Saha, Arati

Arati Saha, a female Indian swimmer, completed a Successful solo swim on 29 September 1959

Arati Gupta (née Saha; 24 September 1940 – 23 August 1994) was an Indian long distance swimmer. Born in Calcutta, West Bengal, British India, Arati was initiated in swimming at the early age of four, and her talent was spotted by Sachin Nag. She was inspired by Indian swimmer Mihir Sen to try to cross the English Channel. In 1959 she became the first Asian woman to swim across the English Channel. In 1960, she became the first Indian sportswoman to be awarded Padma Shri.

Between 1946 and 1956, Arati participated in several swimming competitions. Between 1945 and 1951 she won 22 state-level competitions in West Bengal. Her main events were 100 metres freestyle, 100 metres breast stroke and 200 metres breast stroke.

In 1948, she participated in the national championship held at Mumbai. She won silver in 100 metres freestyle and 200 metres breast stroke and won bronze in 200 metres freestyle. She made an all-India record in 1949. At the 1951 West Bengal state meet, she clocked 1 minute 37.6 seconds in 100 metres breast stroke and broke Dolly Nazir’s all-India record. At the same meet, she set new state-level record in 100 metres freestyle, 200 metres freestyle and 100 metres back stroke.

She represented India at the 1952 Summer Olympics along with compatriot Dolly Nazir. She was one of the four women participants and the youngest member of the Indian contingent. At the Olympics, she took part in 200 metres breast stroke event. At the heats she clocked 3 minutes 40.8 seconds. After returning from the Olympics, she lost in 100 metres freestyle to her sister Bharati Saha.

Arati got the first inspiration to cross the English Channel from Brojen Das. At the 1958 Butlin International Cross Channel Swimming Race, Brojen Das became the first among the men and earned the distinction of being the first person from the Indian subcontinent to cross the English Channel. Greta Andersen, a Danish-born female swimmer from United States clocked 11 hours and 1 minute and stood first among both men and women. This inspired the female swimmers all over the world. Arati sent a congratulatory message to Brojen Das on his victory. He replied back stating that she too shall be able to achieve it. He proposed the name of Arati to the organizers of the Butlin International Cross Channel Swimming Race for the next year’s event.

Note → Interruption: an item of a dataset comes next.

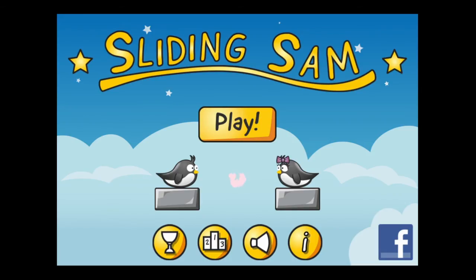This is the home screen. Tap on the eye for information about the developers responsible for this app. You can turn off the sounds. Apple Game Center is enabled for leaderboard scoring and achievements. Check them out on Facebook.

On 24 July 1959, she left for England along with her manager Dr. Arun Gupta. After basic practice, she started her final practice at the English Channel from 13 August. During this time, she was mentored by Dr. Bimal Chandra, who was also participating at the 1959 Butlin International Cross Channel Swimming Race. He had arrived in England from another swimming competition in Naples in Italy.

A total of 58 participants including 5 women from 23 countries took part in the competition. The race was scheduled on 27 August 1959 at 1 am local time from Cape Gris Nez, France to Sandgate, England. However, the pilot boat of Arati Saha did not arrive in time. She had to start late by 40 minutes and lost the favourable condition. By 11 am, she had swum more than 40 miles and came within 5 miles of the England coast. At that point she faced a strong current from the opposite direction. As a result, by 4 pm, she could only swim about two more miles. While she was still determined to carry on, she had to quit under pressure from her pilot.

On 29 September 1959, she made her second attempt. Starting from Cape Gris Nez, France, she swam for 16 hours and 20 minutes, batting tough waves and covered 42 miles to reach Sandgate, England. On reaching the coast of England, she hoisted the Indian flag. Vijaylakshmi Pandit was the first to congratulate her. Jawahar Lal Nehru and many eminent people personally congratulated her. On 30 September, the All India Radio announced the achievement of Arati Saha.